Writer/director Jeff Roda makes a concerted effort to give each character depth and a revealing dramatic moment. His dialogue has a naturalistic rhythm, lightly peppered with period-specific comments, such as on Reagan’s presidency, and to illuminate some pressing concerns, like watching childhood friends change beyond recognition. However, some characters are more developed than others, and there might be a few too many of them to focus on, given the 80-minute running time. Still, the young actors do well with the material.
Nevertheless, there are some ways in which Roda does not go far enough to vary the rhythm of his piece, and other ways in which he tries too hard. In spite of his close attention to the characters, he has them arguing among each other for too long to fully hold our attention.

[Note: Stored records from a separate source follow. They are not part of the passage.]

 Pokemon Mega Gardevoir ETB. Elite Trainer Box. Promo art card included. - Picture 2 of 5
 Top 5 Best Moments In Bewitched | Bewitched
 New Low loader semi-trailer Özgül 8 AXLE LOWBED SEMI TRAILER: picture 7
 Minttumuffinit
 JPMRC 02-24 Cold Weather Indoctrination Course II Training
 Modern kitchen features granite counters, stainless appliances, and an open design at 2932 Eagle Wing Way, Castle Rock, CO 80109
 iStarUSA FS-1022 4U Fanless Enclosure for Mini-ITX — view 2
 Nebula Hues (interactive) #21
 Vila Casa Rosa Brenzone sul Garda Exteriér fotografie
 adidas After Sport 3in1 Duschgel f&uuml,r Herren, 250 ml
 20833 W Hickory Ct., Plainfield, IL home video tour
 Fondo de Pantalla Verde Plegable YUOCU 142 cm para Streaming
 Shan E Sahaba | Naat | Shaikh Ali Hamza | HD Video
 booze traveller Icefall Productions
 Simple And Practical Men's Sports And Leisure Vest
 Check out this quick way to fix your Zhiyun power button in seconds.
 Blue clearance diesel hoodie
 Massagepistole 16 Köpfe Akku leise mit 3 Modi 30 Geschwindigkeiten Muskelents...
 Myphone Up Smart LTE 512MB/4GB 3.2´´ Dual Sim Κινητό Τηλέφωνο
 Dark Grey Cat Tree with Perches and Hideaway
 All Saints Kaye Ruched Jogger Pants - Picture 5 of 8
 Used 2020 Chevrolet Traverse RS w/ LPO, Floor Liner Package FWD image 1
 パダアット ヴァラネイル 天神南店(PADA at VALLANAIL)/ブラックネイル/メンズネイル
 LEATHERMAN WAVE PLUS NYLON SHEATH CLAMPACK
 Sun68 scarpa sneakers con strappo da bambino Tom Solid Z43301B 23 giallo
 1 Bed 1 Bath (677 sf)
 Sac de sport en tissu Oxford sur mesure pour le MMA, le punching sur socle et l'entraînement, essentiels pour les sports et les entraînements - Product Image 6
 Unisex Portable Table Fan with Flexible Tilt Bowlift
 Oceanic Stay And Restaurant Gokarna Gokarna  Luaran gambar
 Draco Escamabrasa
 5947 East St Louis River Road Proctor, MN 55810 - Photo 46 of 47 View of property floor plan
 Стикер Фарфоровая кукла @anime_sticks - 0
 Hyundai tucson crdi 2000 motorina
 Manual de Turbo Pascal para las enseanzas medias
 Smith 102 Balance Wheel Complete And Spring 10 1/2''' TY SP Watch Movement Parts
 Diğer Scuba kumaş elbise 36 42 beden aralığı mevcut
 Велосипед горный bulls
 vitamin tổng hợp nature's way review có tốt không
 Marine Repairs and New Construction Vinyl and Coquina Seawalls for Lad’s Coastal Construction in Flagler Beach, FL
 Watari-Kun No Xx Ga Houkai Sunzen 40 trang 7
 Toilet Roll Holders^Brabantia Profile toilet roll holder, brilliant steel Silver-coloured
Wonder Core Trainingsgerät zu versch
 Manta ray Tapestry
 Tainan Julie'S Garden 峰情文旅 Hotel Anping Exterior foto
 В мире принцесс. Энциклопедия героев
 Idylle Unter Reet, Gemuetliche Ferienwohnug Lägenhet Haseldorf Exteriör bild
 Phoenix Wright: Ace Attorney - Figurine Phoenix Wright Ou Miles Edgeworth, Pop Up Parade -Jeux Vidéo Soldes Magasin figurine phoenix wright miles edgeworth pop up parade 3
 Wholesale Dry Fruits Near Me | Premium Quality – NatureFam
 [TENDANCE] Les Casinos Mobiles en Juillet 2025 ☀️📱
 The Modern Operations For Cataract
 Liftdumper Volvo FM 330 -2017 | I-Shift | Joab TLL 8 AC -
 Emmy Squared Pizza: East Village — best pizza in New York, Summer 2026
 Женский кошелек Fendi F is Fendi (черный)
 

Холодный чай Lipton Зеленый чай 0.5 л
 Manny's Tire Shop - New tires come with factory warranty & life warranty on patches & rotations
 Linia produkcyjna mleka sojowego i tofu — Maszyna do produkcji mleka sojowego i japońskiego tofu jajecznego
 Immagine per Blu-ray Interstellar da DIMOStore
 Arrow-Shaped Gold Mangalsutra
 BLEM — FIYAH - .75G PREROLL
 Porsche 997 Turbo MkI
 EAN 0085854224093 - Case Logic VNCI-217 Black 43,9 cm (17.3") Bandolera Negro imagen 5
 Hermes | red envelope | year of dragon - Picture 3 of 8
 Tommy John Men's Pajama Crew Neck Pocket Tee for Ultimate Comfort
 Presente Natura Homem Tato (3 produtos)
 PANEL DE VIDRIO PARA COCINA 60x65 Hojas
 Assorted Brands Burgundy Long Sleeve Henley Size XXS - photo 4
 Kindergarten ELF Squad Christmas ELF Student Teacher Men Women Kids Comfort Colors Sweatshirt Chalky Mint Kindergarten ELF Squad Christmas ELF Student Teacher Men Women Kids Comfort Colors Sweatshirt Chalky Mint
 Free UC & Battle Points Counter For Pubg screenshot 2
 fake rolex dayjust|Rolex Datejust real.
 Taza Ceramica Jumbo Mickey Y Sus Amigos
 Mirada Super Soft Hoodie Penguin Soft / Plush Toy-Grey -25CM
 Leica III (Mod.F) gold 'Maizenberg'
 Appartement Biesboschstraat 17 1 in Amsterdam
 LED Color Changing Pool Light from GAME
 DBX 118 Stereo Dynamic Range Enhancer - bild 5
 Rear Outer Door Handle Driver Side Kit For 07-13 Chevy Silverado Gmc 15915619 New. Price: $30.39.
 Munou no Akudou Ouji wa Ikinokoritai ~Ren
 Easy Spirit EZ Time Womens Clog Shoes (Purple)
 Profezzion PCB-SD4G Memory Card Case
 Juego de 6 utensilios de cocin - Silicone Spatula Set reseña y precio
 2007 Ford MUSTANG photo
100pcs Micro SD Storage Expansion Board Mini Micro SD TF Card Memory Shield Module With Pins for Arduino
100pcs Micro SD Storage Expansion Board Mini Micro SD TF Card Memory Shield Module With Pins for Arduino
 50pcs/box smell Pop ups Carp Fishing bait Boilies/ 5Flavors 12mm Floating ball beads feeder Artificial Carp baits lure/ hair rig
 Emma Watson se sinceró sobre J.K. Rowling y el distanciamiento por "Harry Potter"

Roda relies on the kids belittling one another so much that he begins to chip away at the naturalistic flow of the dialogue.
On the other hand, while some of the more dramatic events are strong, others come across as underdeveloped attempts to keep the film from stagnating. Many of the less successful moments come toward the end, where too many incidents are crammed in. While the actors are mostly strong, one feels for Alivia Clark, as Amy, whose function is to carry exposition, provide the obligatory first kiss, and set off one of the least convincing events.
While this film does not entirely succeed, it is still likely to scratch the itch of those with a soft spot for the genre.